今回は、音楽プロデューサーのIZZYが解説する「プロのようなボーカルミックスをする秘密の公式」をまとめました。
作曲においてプロとアマチュアを分けるポイントの1つが、ボーカルミックスのクオリティです。
「いいマイクを使う」「適切な音量」「歌が上手い」などはもちろん大切ですが、やはりボーカルミックスの技術も欠かせません。
この記事では、どのようにすればプロのようなボーカルMIXができるのかを解説していきます。
よくあるボーカルミックスの落とし穴

インターネットにはさまざまなボーカルミックスに関するコンテンツがあります。
無料で閲覧できるYouTube動画に加え、ボーカルミックスが学べる有料コンテンツも膨大にあります。
僕(IZZY)もこのようなコンテンツを非常にたくさん見たり、実際にミキシングエンジニアと会って質問しながら勉強しましたが、結局どれが正解なのかわからず、迷ってしまいました。
そこで一度情報を整理して、プロのミキシングエンジニアがどんなツールをどのようにして使っているのかを分析しました。
そしてついに、自分独自のボーカルチェインを完成させました。
つまり「この通りにプラグインを使えばプロのようなサウンドが作れる」というミックスの公式を完成させたのです。
今では、このボーカルチェインをどの曲にも使ってミックスしています。
そこで今回は、この「ミックスの公式」をみなさんにご紹介したいと思います。
ボーカルのBefore・Afterを聴いてみよう
はじめに、こちらのボーカルのBefore・Afterをお聴きください。
今回ご紹介するボーカルチェインを使うだけで、このようなボーカルに仕上げることができます。

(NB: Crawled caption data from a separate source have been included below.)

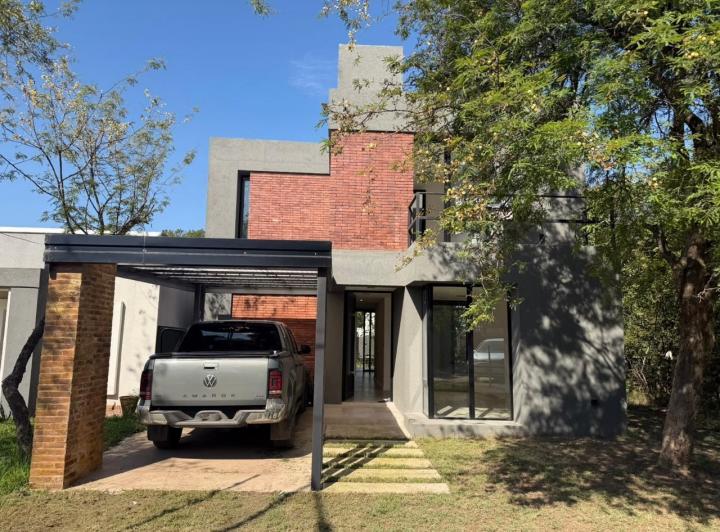 Casa · 140m² · 4 Ambientes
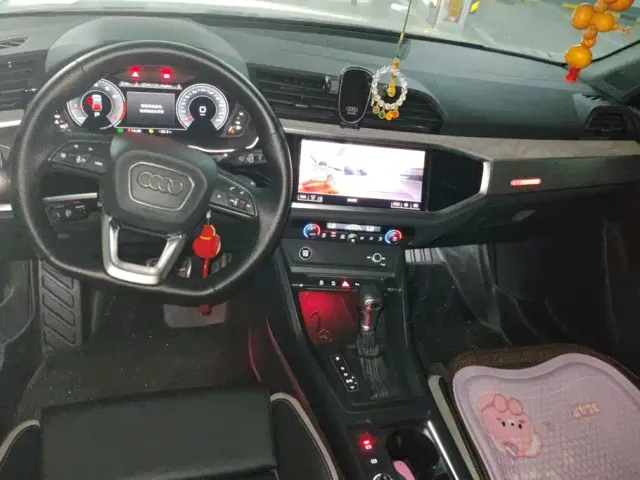 Audi Q3 — Фото автомобиля 12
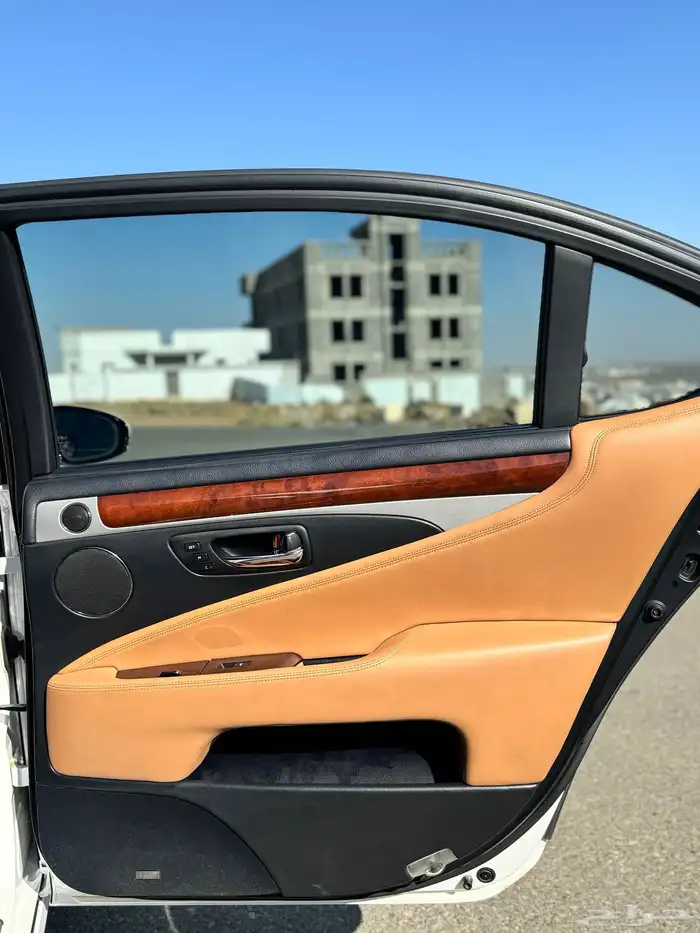 لكزس LS460 L 2016 13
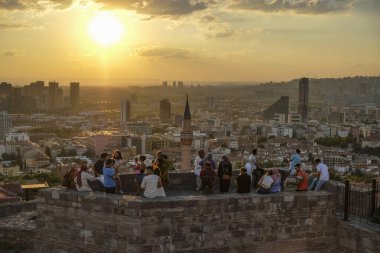 Ankara, Türkiye - 11 Ağustos 2024: Ankara Şatosu 'nu ziyaret eden insanlar, Ankara, Türkiye' de tarihi bir kaledir.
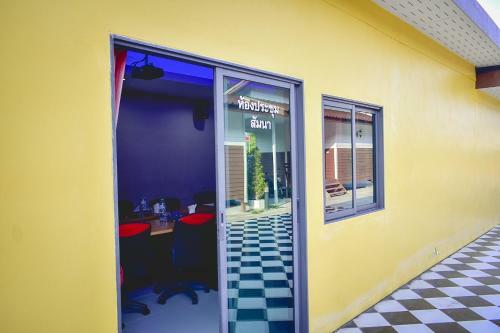 Hostal The Garden Town Residences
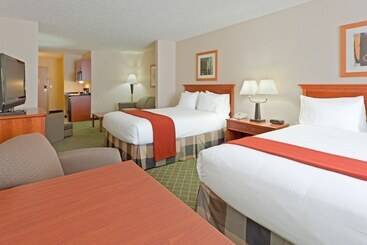 فندق Holiday Inn Express & Suites Kent University Area By Ihg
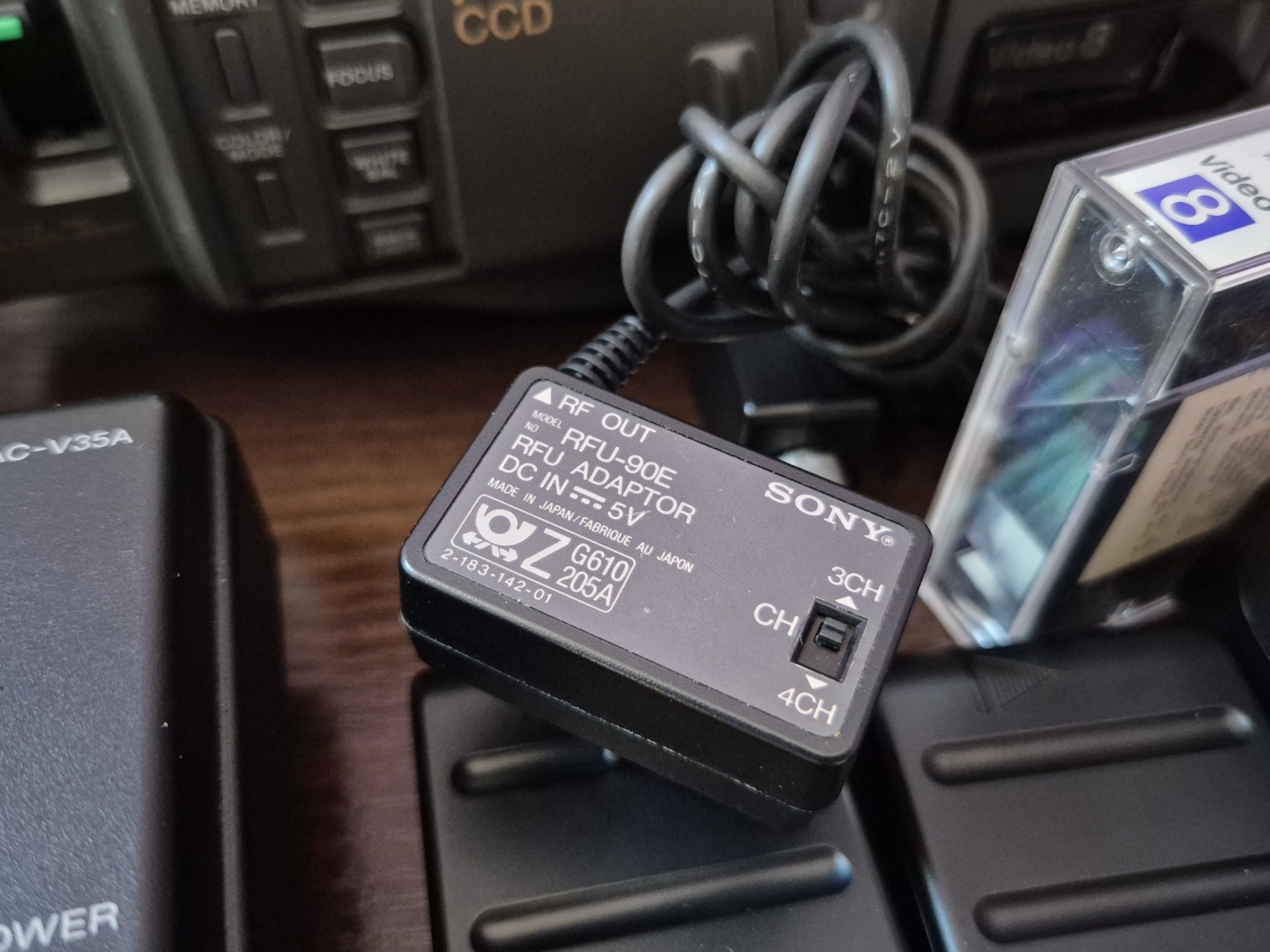 Kamera Sony CCD-F370E Video 8. 3 baterie, zasilacz.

プロはレコーディング時にプリアンプやコンプレッサーを使っている

多くのレコーディングエンジニアやミキシングエンジニアにお話を聴くと、ほとんどのプロがレコーディング時にプリアンプやコンプレッサーを使っていることがわかりました。
つまり、ミックスをする前にもある程度の処理が行われているということです。
「プリアンプ→コンプレッサー→EQ」という順番にしたり、「EQ→プリアンプ→コンプレッサー」など、順番はさまざまです。
そのため、僕が使っているボーカルチェインでは、このようなプロが行なっている処理をプラグインで再現するような形にしています。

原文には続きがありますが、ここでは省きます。